Einarr Gilsson Explained

Einarr Gilsson was an Icelandic poet and official. He was the lögmaður of northern and western Iceland from 1367 to 1369. He is mentioned already in letters dating from 1339 and 1340 but his years of birth and death are unknown. He appears to have lived in Skagafjörður.[1]

Einarr was the author of Ólafs ríma Haraldssonar, a ríma on Saint Óláfr Haraldsson consisting of 65 ferskeytt verses. Preserved in Flateyjarbók, it is sometimes considered the earliest known ríma.[2] Einarr's other preserved works are poems on Bishop Guðmundr Arason which have come down to us in Guðmundar saga biskups by Arngrímr Brandsson. These consist of a biographical dróttkvætt poem on the bishop focusing on his wonder-working, a shorter hrynhent poem on Guðmundr's conversations with archbishop Þórir of Niðarós and a flokkr on Guðmundr's struggle with the supernatural being Selkolla.[3]

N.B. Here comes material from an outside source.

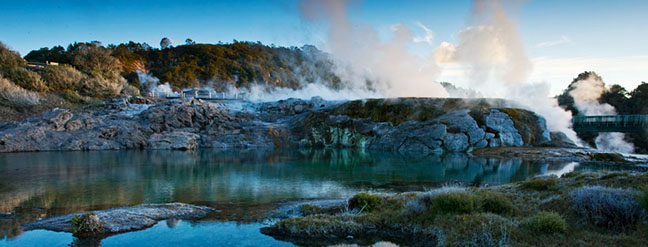thermal valley, New Zealand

Finnur Jónsson characterized Einarr's poetry as "dry narratives without any poetic flight"[4] and that as a poet Einarr is to be rated "on the whole, not highly".[5]

Notes

  1. Finnur Jónsson (1924:13).
  2. Finnur Jónsson (1924:13-14)
  3. Finnur Jónsson (1924:14).
  4. "tört fortællende og uden nogen poetisk flugt", Finnur Jónsson (1924:13).
  5. "Som digter står han i det hele ikke höjt", Finnur Jónsson (1924:14).